ECLI:NL:CRVB:2004:AR7521

Centrale Raad van Beroep

Datum uitspraak
7 december 2004
Publicatiedatum
4 april 2013
Zaaknummer
03/569 NABW
Instantie
Centrale Raad van Beroep
Type
Uitspraak
Rechtsgebied
Bestuursrecht; Socialezekerheidsrecht
Procedures
  • Hoger beroep
Rechters
Vindplaatsen
  • Rechtspraak.nl
AI samenvatting door LexboostAutomatisch gegenereerd

Toepassing van artikel 4:5 van de Algemene wet bestuursrecht bij aanvraag om bijstandsuitkering

In deze zaak gaat het om de aanvraag van gedaagde voor een bijstandsuitkering, die door het Dagelijks Bestuur van de Intergemeentelijke Sociale Dienst Midden-Langstraat buiten behandeling is gelaten. De Centrale Raad van Beroep behandelt het hoger beroep van appellant tegen de uitspraak van de rechtbank Breda, die het besluit van appellant had vernietigd. Gedaagde had op 10 oktober 2001 een aanvraag ingediend, maar had niet tijdig de benodigde gegevens overgelegd, ondanks herhaalde verzoeken van appellant. De Raad oordeelt dat gedaagde vanaf het moment van zijn aanvraag op de hoogte had moeten zijn van de noodzaak om het huurcontract van zijn woonruimte te overleggen. De Raad stelt vast dat de termijn voor het aanleveren van de gevraagde documenten redelijk was en dat gedaagde niet heeft aangetoond dat hij niet in staat was om de gevraagde informatie tijdig te verstrekken. De Raad komt tot de conclusie dat het besluit van 14 maart 2002, waarin de aanvraag buiten behandeling werd gelaten, terecht is gehandhaafd.

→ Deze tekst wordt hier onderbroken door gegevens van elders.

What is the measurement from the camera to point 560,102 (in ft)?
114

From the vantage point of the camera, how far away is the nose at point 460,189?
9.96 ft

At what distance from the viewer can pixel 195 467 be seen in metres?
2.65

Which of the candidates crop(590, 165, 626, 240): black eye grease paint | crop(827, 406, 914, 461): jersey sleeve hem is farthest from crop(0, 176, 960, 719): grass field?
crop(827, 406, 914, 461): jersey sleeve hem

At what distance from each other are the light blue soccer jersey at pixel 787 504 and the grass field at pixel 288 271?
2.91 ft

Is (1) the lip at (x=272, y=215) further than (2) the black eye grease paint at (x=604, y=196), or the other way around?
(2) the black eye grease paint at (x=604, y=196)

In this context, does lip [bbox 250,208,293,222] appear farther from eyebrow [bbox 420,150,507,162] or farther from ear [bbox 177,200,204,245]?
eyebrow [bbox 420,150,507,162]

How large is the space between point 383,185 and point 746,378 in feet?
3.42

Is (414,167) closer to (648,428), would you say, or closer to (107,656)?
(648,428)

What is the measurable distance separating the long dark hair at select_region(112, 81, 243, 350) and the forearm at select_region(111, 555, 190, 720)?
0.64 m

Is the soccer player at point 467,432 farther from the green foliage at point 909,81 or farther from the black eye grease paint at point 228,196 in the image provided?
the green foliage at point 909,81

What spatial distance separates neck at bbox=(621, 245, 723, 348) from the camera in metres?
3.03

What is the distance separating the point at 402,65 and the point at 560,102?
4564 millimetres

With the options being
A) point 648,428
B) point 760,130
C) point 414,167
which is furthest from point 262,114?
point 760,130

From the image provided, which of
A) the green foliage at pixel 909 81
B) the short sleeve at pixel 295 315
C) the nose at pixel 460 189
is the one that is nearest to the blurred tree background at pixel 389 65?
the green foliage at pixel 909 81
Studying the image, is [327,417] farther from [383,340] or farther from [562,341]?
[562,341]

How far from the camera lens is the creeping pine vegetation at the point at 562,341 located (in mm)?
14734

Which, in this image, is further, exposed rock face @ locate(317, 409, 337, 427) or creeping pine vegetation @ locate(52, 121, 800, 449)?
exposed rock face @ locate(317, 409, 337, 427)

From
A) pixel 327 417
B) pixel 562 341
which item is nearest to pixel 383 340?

De rechtbank had ten onrechte het besluit vernietigd, waardoor de uitspraak van de rechtbank niet in stand kan blijven. De Raad ziet geen aanleiding voor een veroordeling in de proceskosten.

Uitspraak

03/569 NABW
U I T S P R A A K
in het geding tussen:
het Dagelijks Bestuur van de Intergemeentelijke Sociale Dienst Midden-Langstraat, appellant,
en
[gedaagde], wonende te [woonplaats], gedaagde.
I. ONTSTAAN EN LOOP VAN HET GEDING
Onder appellant wordt in dit geding mede begrepen de Bestuurscommissie Sociale Voorzieningen van de gemeente Waalwijk, die tot 1 januari 2003 bevoegd was tot het nemen van besluiten op bezwaar, alsmede het College van burgemeester en wethouders van de gemeente Waalwijk, naar welk college die bevoegdheid per 1 januari 2003 is teruggegaan en dat zijn bevoegdheden ter uitvoering van de Algemene bijstandswet (Abw) per 1 januari 2004 heeft overgedragen aan het dagelijks bestuur van de Intergemeentelijke Sociale Dienst Midden-Langstraat.
Appellant heeft hoger beroep ingesteld tegen de uitspraak van de rechtbank Breda van 23 december 2002, reg.nr. 02/766 NABW.
Gedaagde heeft een verweerschrift ingediend.
Beide partijen hebben een nader stuk ingezonden.
Het geding is behandeld ter zitting van 26 oktober 2004, waar appellant zich heeft laten vertegenwoordigen door mr. F.J.A. Hustin, werkzaam bij de Intergemeentelijke Sociale Dienst Midden-Langstraat, en waar gedaagde is verschenen bij gemachtigde mr. M. van Beurden, advocaat te Waalwijk.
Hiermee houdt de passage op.